People say some funny things; I suppose that’s inevitable. But my favourite is the person who wrote to me to say that on page 161 of The Promise of Iceland, I’d mistakenly referred to the Norwegian ‘President’ (should be Prime Minister) – and on page 170, described stirring eggs with a ladle. Didn’t I surely mean some other kitchen implement? (I haven't checked either the facts or the page numbers, but I’m sure my correspondent is right about both.)
If you weren’t writing, what do you think you’d be doing instead?
I studied arts/law, and so perhaps if I’d been a better law student I would have become a lawyer. Not the boring type of course – an elegantly spoken and yet slightly rakish barrister.
There’s much debate on whether creative writing can be taught – what’s your view?
My first thought is to say that it is being taught. But maybe this isn’t enough of an answer, not yet, in what are still the early-ish days of creative writing in the university. I’m not sure I’ve ever changed someone from not being a writer into being a writer.
Like other pursuits, there is usually a pre-existing desire. But there are many skills and approaches that gather around this desire and that can be taught, especially through discussion and exchange – such as, style and expression; story conception; reading in new ways; understanding, appreciating and joining a community of writers; reaching readers. I think discussing these aspects in a supportive environment can be of real use to writing students.
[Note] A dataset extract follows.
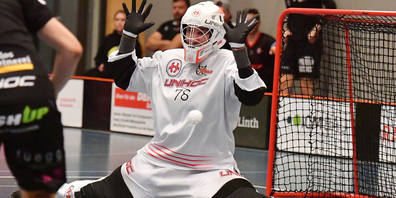 Wird wohl auch gegen die Kloten-Dietlikon Jets beschäftigt sein: Devils-Torhüter Nicolas Fleischmann.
What’s your advice for someone wanting to be a writer?
Maybe one is about advice itself – that you don’t have to read those tips for writers too literally or rigidly (except of course that one about voice that I mangled earlier). Writing and language is complex, and in my experience writers combine elements of style and practice in very different ways. That’s surely a major strength of the form. So, perhaps rather than listening for certain lines of advice, it’s about looking for questions and conversations about writing; leaving it a bit open.
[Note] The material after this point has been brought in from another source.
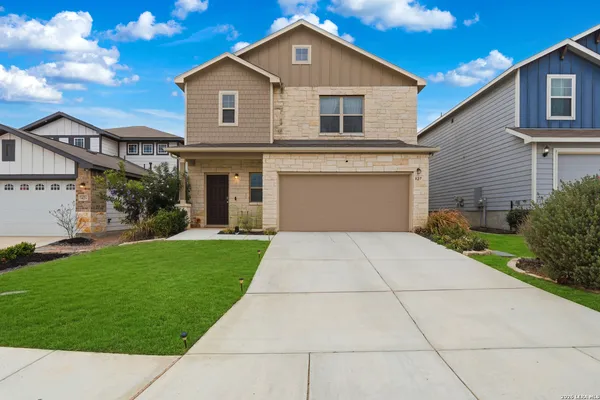 $2,200 | 827 Laurel, San Antonio, TX 78219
Perhaps rather than listening for certain lines of advice, it’s about looking for questions and conversations about writing; leaving it a bit open.
Do you buy your books online, in a physical bookshop, or both?
When books first became available online, I was pretty much an instant convert. But given the effect that online shopping is having on local bookshops, I try to find time to buy in store.
If you could go out to dinner with any fictional character, who would it be and why?
I’m sorry to be greedy, but can I ask for two companions? Emma Bovary and Connie Chatterley. The reason is that I fell in love with them as a young man, and I think it’s about time we met.
That said, there’s a chance I’d revert to my younger and awkward self, in which case it might be better if I meet the old couple who adopt the orphan Álfgrímur in Halldór Laxness’ The Fish Can Sing (the Icelandic title is Brekkukotsannáll). I’d like to ask them about Reykjavík before the wider world properly arrived.
What’s the book that’s had the most significant impact on your life or work – and why?
It’s the medieval Icelandic work Njáls Saga, and especially the story of Gunnar and Hallgerð.
Towards the end of his life, Gunnar is exiled from Iceland. But as he’s riding down to his ship, his horse trips and he’d forced to dismount. He turns around, sees the farm he’s leaving, and says: ‘Fögur er hlíðin svo að mér hefir hún aldrei jafnfögur sýnst, bleikir akrar en slegin tún, og mun eg ríða heim aftur og fara hvergi’. It means, ‘The slopes are beautiful, golden fields and freshly mown hay. More beautiful than I’ve ever seen them before. I’m going back; I’m not leaving.’
Everyone in Iceland knows this scene, but I first read it in Australia. At some level, it told me that I’d go back one day, and that literature, even writing, would form part of my return.